Short web captions
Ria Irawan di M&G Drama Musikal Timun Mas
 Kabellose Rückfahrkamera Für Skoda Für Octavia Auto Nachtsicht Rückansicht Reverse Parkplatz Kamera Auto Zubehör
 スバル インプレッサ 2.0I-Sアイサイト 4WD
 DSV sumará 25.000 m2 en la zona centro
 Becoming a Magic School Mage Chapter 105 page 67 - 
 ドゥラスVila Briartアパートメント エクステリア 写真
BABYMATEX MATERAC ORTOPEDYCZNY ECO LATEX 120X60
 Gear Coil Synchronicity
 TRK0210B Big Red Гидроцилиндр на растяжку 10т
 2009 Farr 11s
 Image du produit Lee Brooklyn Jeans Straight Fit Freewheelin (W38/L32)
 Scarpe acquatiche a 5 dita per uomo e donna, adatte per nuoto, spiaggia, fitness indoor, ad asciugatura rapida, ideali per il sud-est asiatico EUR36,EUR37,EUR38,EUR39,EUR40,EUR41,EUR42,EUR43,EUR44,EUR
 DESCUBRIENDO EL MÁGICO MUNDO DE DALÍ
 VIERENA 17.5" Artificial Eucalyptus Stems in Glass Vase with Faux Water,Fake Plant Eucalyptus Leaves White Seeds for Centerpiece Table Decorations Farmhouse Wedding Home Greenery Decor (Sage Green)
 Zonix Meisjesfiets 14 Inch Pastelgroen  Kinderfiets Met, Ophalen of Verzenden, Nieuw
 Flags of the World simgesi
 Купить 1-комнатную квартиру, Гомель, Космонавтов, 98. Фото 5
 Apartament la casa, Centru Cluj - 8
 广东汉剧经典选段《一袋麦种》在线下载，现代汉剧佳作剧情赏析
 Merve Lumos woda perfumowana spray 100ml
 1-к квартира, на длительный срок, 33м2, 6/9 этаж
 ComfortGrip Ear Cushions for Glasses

Activity
Beginning with the line that has "Becoming a Magic" and ending with the line that has "Image du produit", set down the lines above exactly and include no others.

Answer to the problem
 Becoming a Magic School Mage Chapter 105 page 67 - 
 ドゥラスVila Briartアパートメント エクステリア 写真
BABYMATEX MATERAC ORTOPEDYCZNY ECO LATEX 120X60
 Gear Coil Synchronicity
 TRK0210B Big Red Гидроцилиндр на растяжку 10т
 2009 Farr 11s
 Image du produit Lee Brooklyn Jeans Straight Fit Freewheelin (W38/L32)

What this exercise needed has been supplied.